ベストセラーの百田尚樹さんの「海賊とよばれた男」
Date:2013-04-27(Sat)

昨日は、あられもふる寒さ。今年は桜が早かったが、その後の春は遅い。夜はのみ歩くより読書に限る。ベストセラーの百田尚樹さんの「海賊とよばれた男」上、下巻(講談社)がいい。

読みごたえがある。いまでも、村上春樹さんの新作に次ぐ売れ行きとか。何か忘れられられたかのようなところに、私はこの本の一撃をくらわされた感覚をもった。

あらすじは、主人公、出光興産創業者の出光佐三がモデルの国岡鐵造。敗戦の夏、異端の石油会社「国岡商店」を率いる国岡鐵造は、なにもかも失い、残ったのは借金のみ。旧海軍の残油集めなどで糊口をしのぎながら、たくましく再生していく。 

実在の人物をモデルにした本格歴史経済小説、幾多の試練を乗り越えて小さな商店を大企業に育てた男の口から、しびれる言葉が次々と放たれる。

リストラは当たり前の風潮の中、多くの人がこの物語に引きつけられる理由がよく分かる。安倍政権で解雇の話がよく出る。ただ、この作品は「人は財産」という理念を貫いている。

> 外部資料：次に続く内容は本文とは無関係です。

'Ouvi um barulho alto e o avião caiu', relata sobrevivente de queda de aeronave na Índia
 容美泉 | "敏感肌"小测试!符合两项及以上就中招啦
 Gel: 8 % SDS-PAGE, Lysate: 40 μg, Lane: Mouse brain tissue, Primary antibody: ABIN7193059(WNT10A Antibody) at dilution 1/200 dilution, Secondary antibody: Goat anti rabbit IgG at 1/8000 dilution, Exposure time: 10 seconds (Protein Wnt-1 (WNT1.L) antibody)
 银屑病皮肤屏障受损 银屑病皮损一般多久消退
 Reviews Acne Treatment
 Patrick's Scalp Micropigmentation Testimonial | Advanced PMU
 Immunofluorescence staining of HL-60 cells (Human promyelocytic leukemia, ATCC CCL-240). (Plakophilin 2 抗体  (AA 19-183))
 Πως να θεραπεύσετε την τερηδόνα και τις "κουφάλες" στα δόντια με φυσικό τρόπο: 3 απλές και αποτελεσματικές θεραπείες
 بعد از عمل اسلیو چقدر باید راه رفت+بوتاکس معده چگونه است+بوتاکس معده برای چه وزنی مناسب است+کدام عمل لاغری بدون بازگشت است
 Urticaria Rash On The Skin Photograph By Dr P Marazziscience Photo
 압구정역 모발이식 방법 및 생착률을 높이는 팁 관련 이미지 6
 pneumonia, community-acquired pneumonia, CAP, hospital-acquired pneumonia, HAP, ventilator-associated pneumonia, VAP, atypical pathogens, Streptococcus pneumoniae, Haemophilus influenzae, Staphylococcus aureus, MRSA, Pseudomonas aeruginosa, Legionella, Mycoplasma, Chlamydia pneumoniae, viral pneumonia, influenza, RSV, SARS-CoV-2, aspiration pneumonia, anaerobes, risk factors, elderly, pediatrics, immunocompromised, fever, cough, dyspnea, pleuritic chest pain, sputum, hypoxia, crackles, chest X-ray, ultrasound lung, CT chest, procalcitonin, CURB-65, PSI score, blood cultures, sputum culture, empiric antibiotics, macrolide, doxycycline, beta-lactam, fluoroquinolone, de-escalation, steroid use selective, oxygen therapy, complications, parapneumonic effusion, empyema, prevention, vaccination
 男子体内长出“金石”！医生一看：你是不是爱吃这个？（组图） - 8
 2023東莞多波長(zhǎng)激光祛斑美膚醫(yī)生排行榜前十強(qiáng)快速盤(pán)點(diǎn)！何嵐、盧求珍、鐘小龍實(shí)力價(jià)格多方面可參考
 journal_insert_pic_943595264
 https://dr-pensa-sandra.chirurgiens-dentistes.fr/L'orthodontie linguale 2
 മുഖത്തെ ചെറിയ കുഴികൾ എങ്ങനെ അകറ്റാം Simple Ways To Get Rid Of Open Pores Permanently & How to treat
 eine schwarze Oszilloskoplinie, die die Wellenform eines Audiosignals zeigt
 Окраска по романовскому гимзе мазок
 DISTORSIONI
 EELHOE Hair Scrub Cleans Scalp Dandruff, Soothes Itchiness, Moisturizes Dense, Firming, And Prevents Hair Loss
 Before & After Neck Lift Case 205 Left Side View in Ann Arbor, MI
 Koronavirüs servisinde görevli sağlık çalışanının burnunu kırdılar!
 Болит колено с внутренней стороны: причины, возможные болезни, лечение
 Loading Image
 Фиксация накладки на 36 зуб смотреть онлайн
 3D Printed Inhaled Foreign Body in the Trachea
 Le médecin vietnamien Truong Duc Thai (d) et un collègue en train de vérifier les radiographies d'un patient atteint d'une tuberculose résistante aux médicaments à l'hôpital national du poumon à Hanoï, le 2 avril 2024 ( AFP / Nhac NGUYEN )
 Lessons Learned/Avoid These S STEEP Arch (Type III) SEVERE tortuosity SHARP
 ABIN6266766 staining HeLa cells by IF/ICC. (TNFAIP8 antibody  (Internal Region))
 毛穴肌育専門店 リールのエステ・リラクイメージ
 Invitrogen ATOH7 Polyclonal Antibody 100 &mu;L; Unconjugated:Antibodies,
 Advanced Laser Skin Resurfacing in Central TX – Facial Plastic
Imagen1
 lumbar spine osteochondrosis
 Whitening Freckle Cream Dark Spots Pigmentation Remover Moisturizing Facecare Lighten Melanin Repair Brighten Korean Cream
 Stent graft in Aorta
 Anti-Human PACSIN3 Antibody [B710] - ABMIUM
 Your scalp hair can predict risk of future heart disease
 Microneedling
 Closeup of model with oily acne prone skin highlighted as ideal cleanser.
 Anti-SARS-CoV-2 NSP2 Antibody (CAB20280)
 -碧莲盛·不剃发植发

百田さんの作品は3年前の「ボックス!」に続いて今年、「モンスター」と「永遠の0(ゼロ)」が映画化されるとか。今が旬の作家は、確かに読みごたえも観がいもある。

来月1日は「メーデー」。そのメーデーも連休前に開催される。この嶺南地域は今日。楽しみながらデモ行進もある。ただ、雷と雨、今日はどうだろう。 参院選まで2カ月余り。国民生活に直結する経済政策も重要だが、立地地域の雇用問題など、日の当たりにくい課題は山積している。